An extensive interview with the former Beatle on the Chicago Tribune website sees McCartney in a talkative mood.
On his decision to leave EMI and sign his latest Memory Almost Full album to Starbucks, he says: "Artists are taking it into their own hands again, and it's really showing the record companies that it's time they get their act together. It's not the end of the world for EMI, they are like family to me."
McCartney reveals that in private chats with long-term associates within EMI before he made his decision, he'd been advised to make some kind of move, with EMI staffers saying, "I really don't blame you man."
On his relationship with Apple, he says: "I've known [Apple founder] Steve Jobs for a little while, and he's a hands-on guy who I can talk to. Strangely enough, that's not always the case. I often met layers of secretaries before I could talk to the guy in charge at my old label.

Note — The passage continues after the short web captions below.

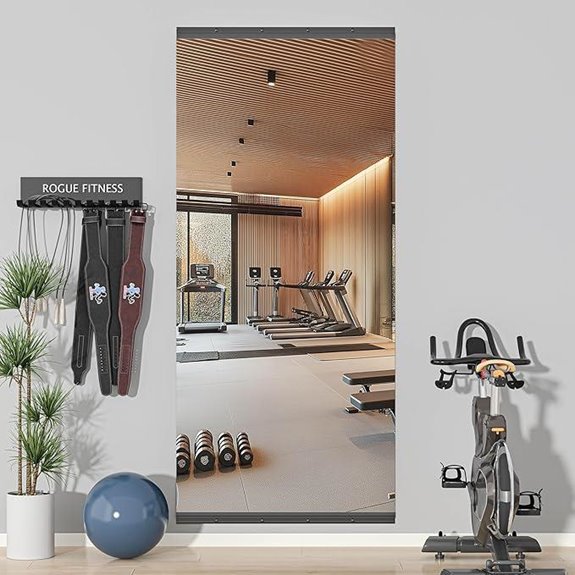 large frameless workout mirror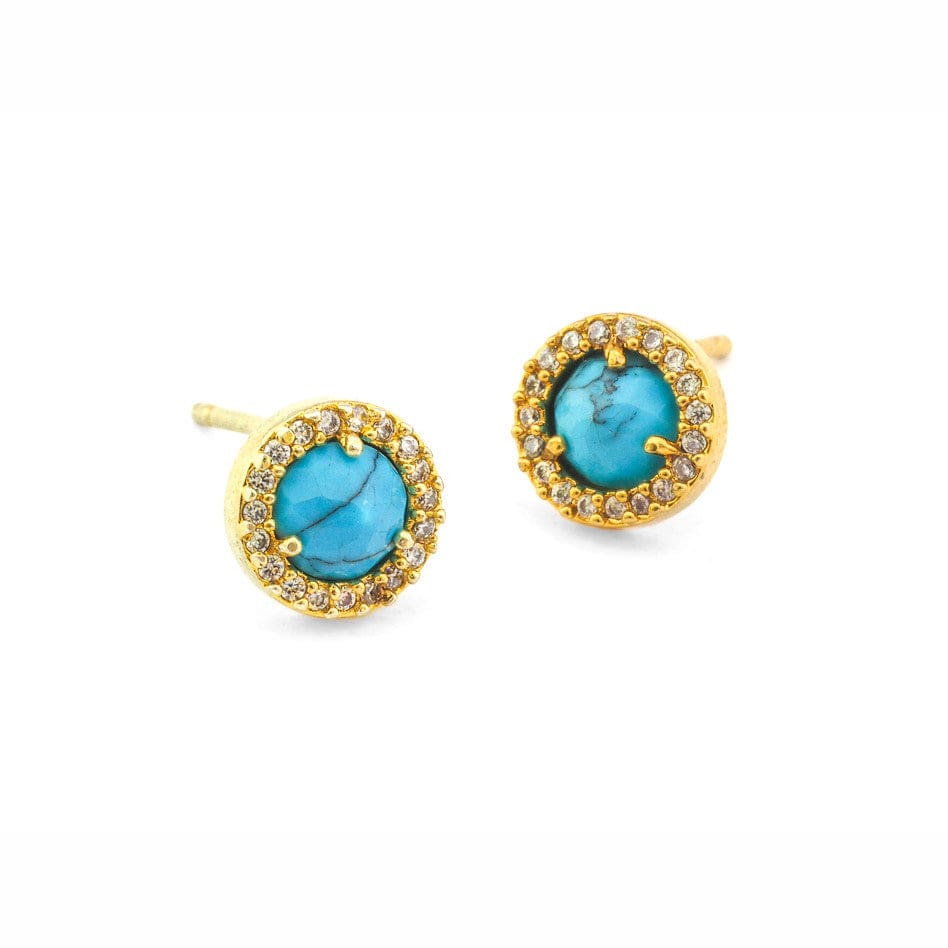 TAI JEWELRY Earrings GOLD/TURQUOISE Small Pavé Glass Earrings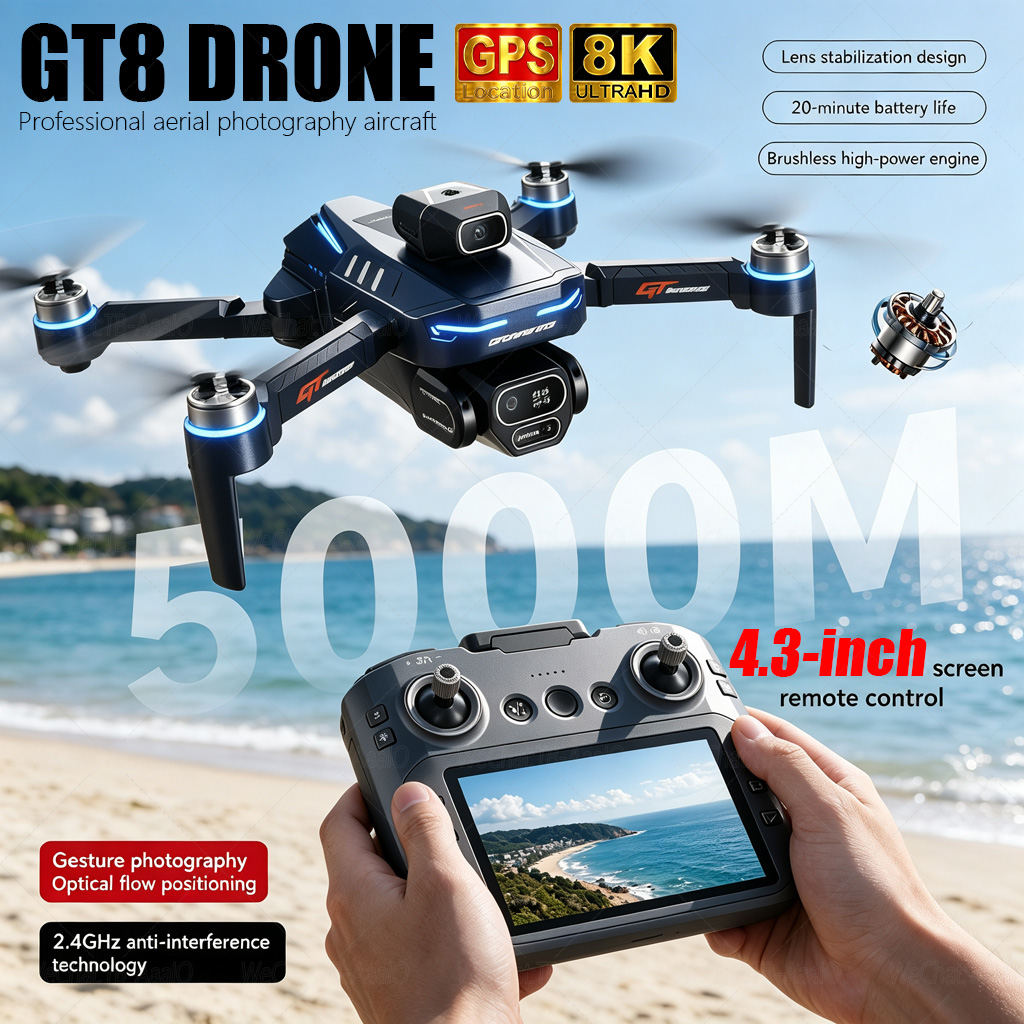 NEW GT8 HD RC Drone 4K Profess - Drone Camera Professional ulasan dan harga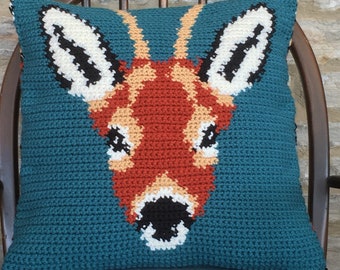 PDF Crochet Pattern - Roe Deer Cushion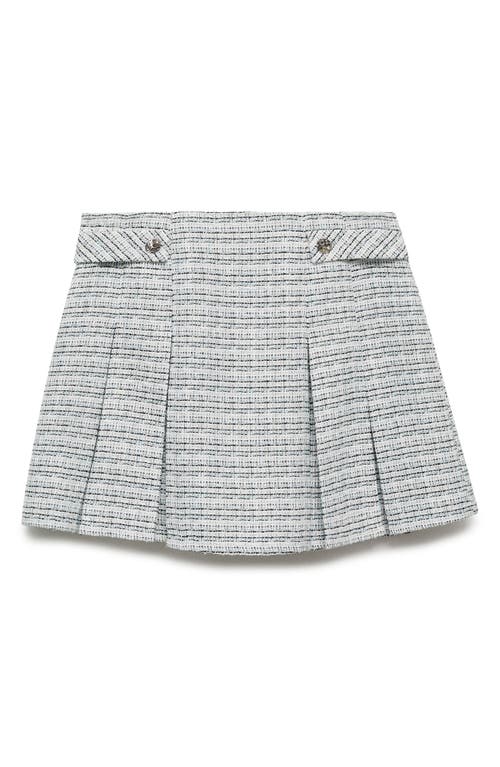 Shop Mango Button Tab Tweed Miniskirt In Blue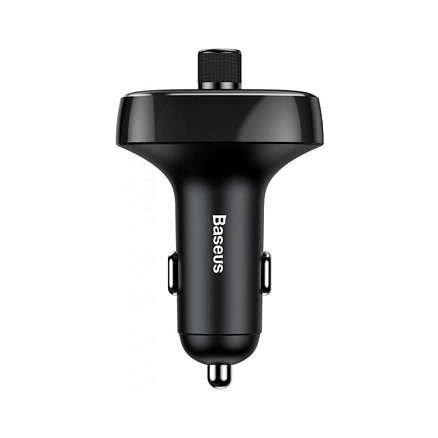 FM модулятор (трансмиттер) автомобильный Baseus S-09 с громкой связью и двумя USB (3.4A) для зарядки черный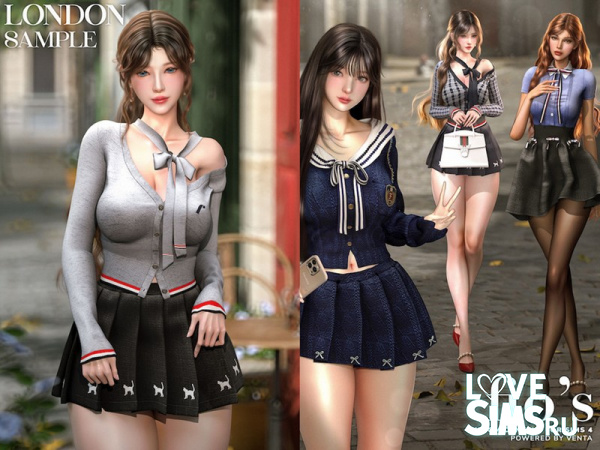 Кардиган и юбка London Girls Set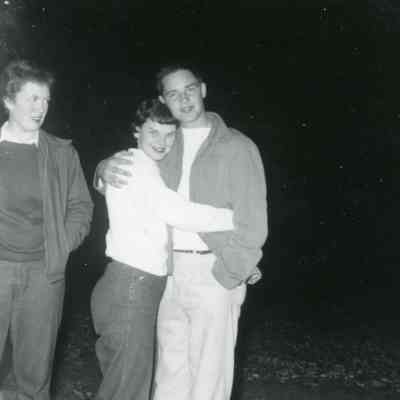 Shirley Hickey, Patti Bingel and Phil Bradley during the Senior Picnic at Plymouth Park on Nov. 05, 1954.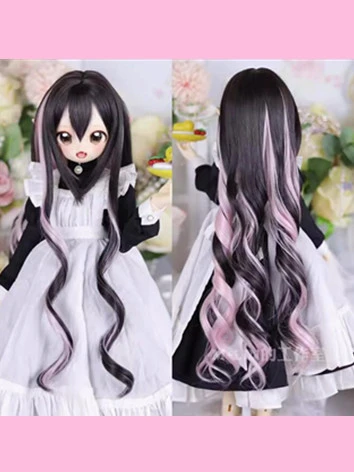 ドール用ウィッグ ポイントカラー ロングカールウィッグ 前髪あり ブラック＋ピンク SDサイズ人形用 柔らかい糸 BJD DOLL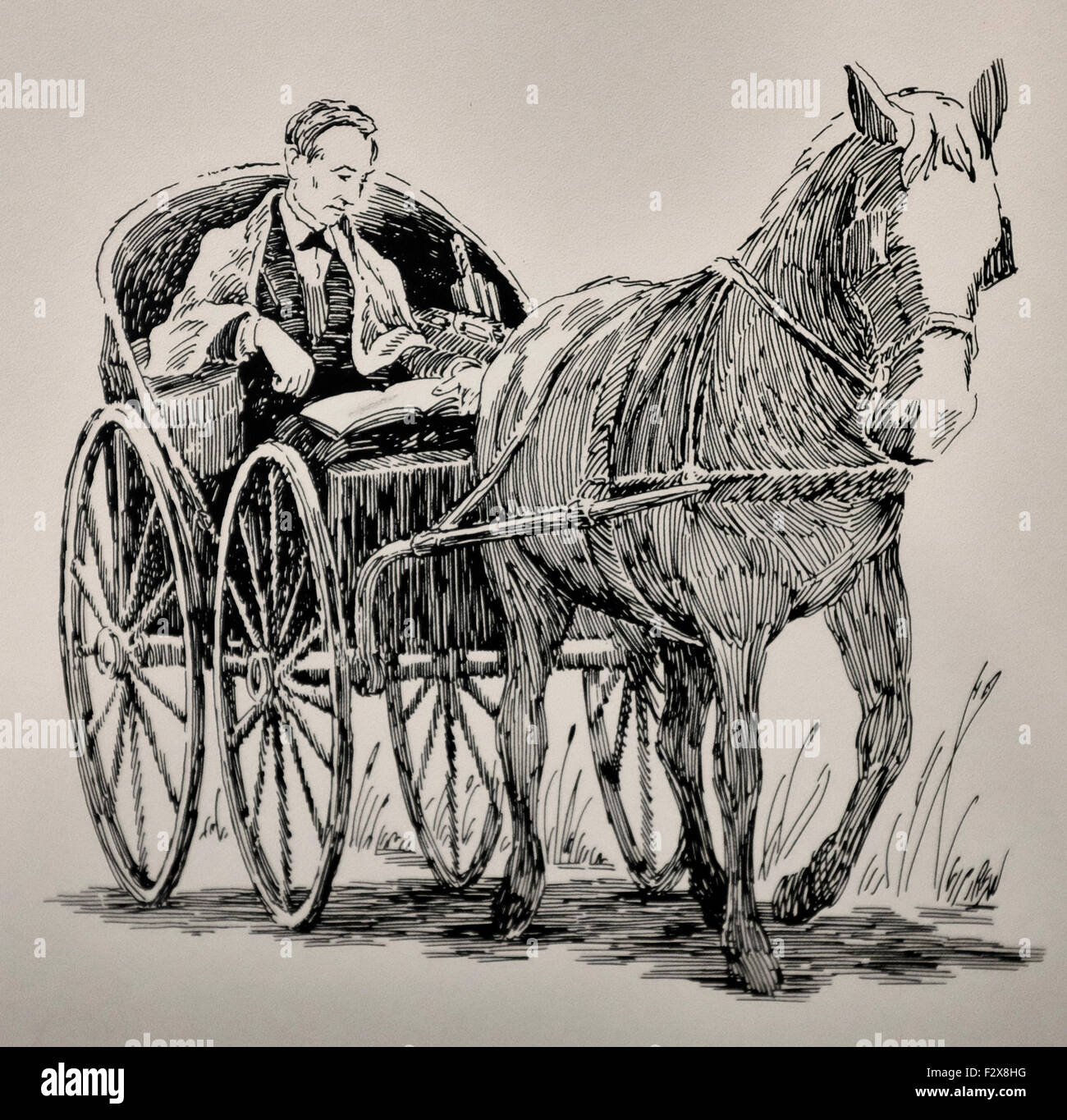 Lawyer Abraham Lincoln Riding the Circuit, circa 1850s Stock Photo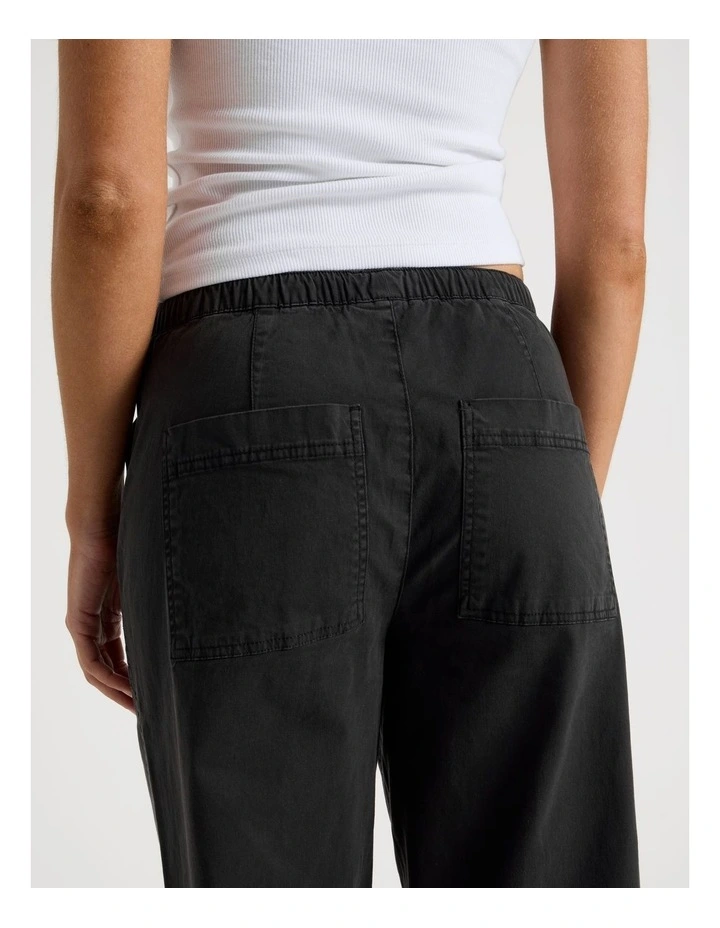 Elastic Waist Utility Pant in Black image 6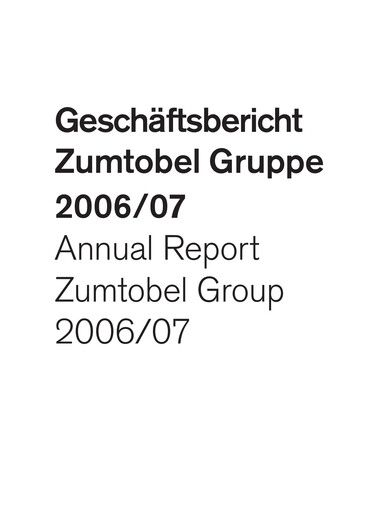 Thumbnail Zumtobel Group Annual Report 2006-2007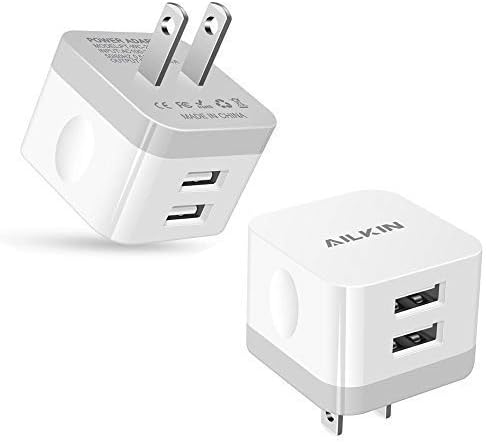 2Pack USB Wall Charger Plug, AILKIN 2.4A Dual Port USB Adapter Power Cube Fast C...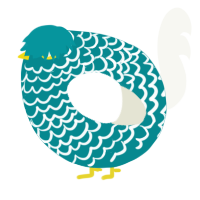 A teal and white chicken with a lace pattern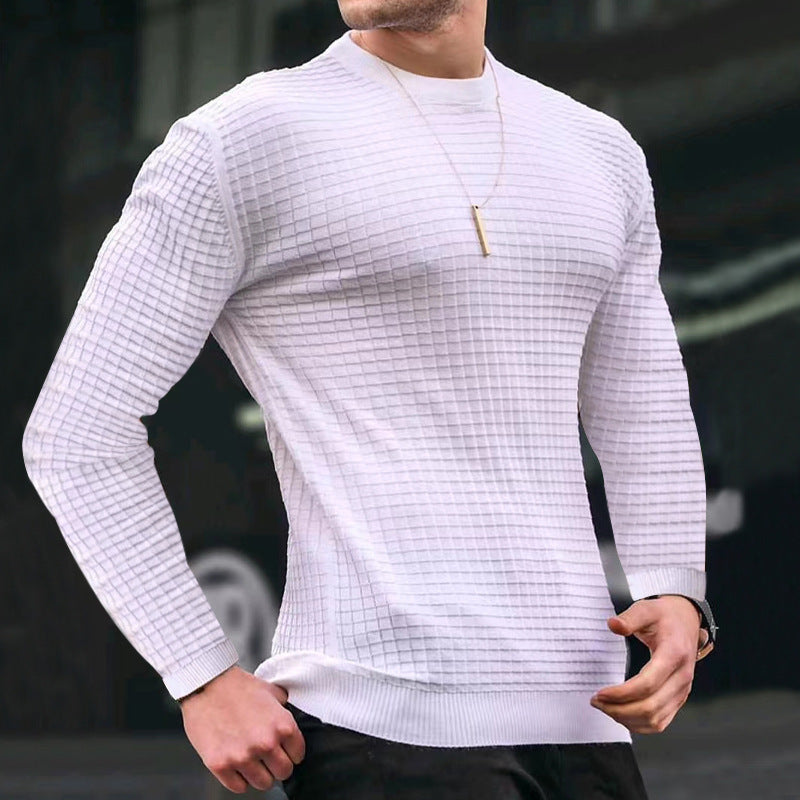 Lässiger Strickpullover für Herren mit Rundhalsausschnitt und langen Ärmeln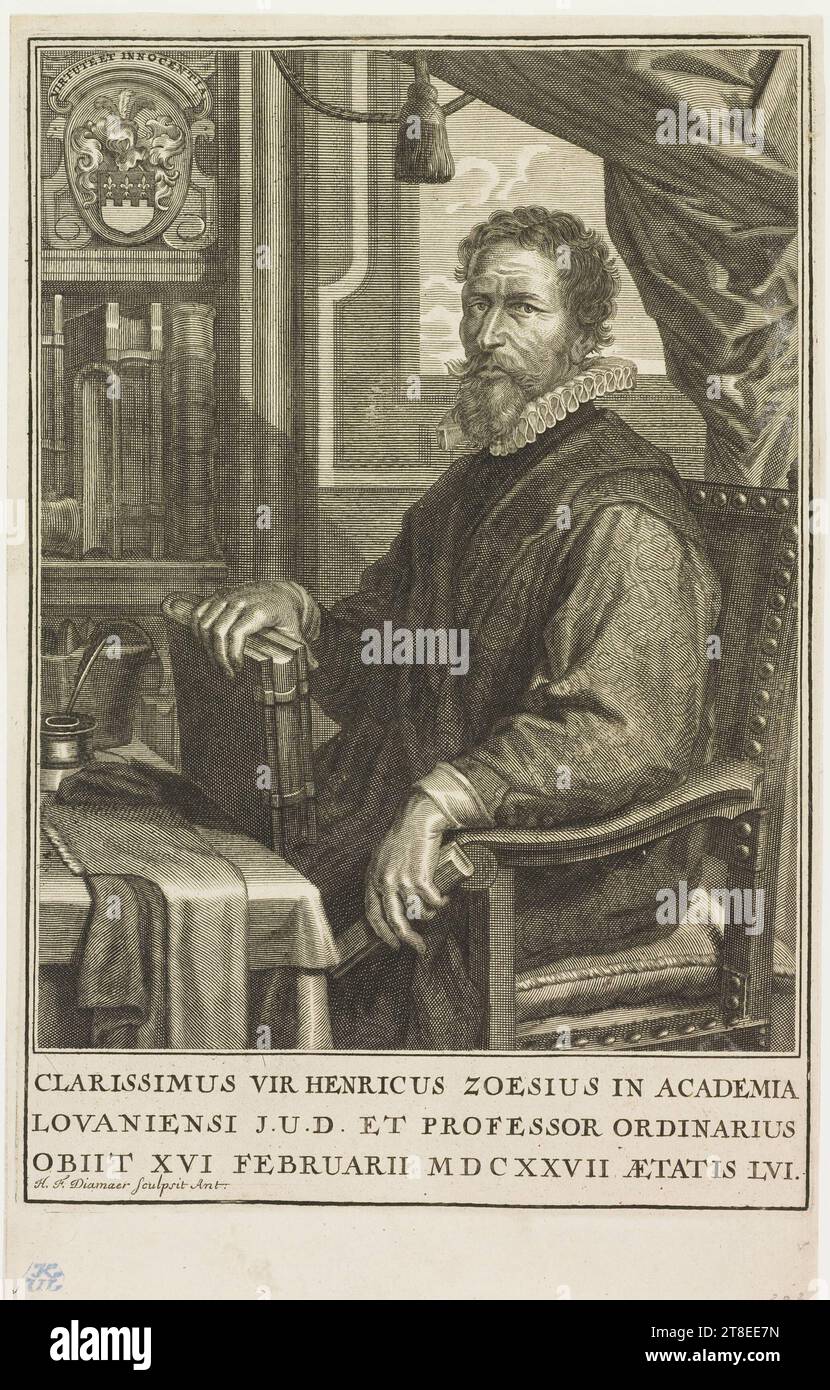 Portrait of Henricus Zoesius seated at a worktable with a book in his right hand. Top left a coat of arms. VIRTUTE ET INNOCENTIA. CLARISSIMUS VIR HENRICUS ZOESIUS IN ACADEMIA LOVANIENSI J.U.D. ET PROFESSOR ORDINARIUS OBIIT XVI FEBRUARYI MDCXXVII ÆTATIS LVI. H.F. Diamaer sculpsit Ant Stock Photo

If I call Steve Jobs, I get Steve, and you talk like guys, like a couple of people. That element was great. They became interested in me doing a commercial for the Apple thing. All I had to do was sing the first track of my album. That was more like a music deal than a commercial for me. I didn't have to say, "And I believe in iTunes and Apple, and the iPod is the greatest invention ever." I didn't have to do any of that. So that suited me."
On the debate concerning the faithfulness of MP3 tracks to their original recordings, McCartney points out that when he first got into music he would listen to mono radio, and observes that stereo recordings themselves were something that happened relatively late on in his career.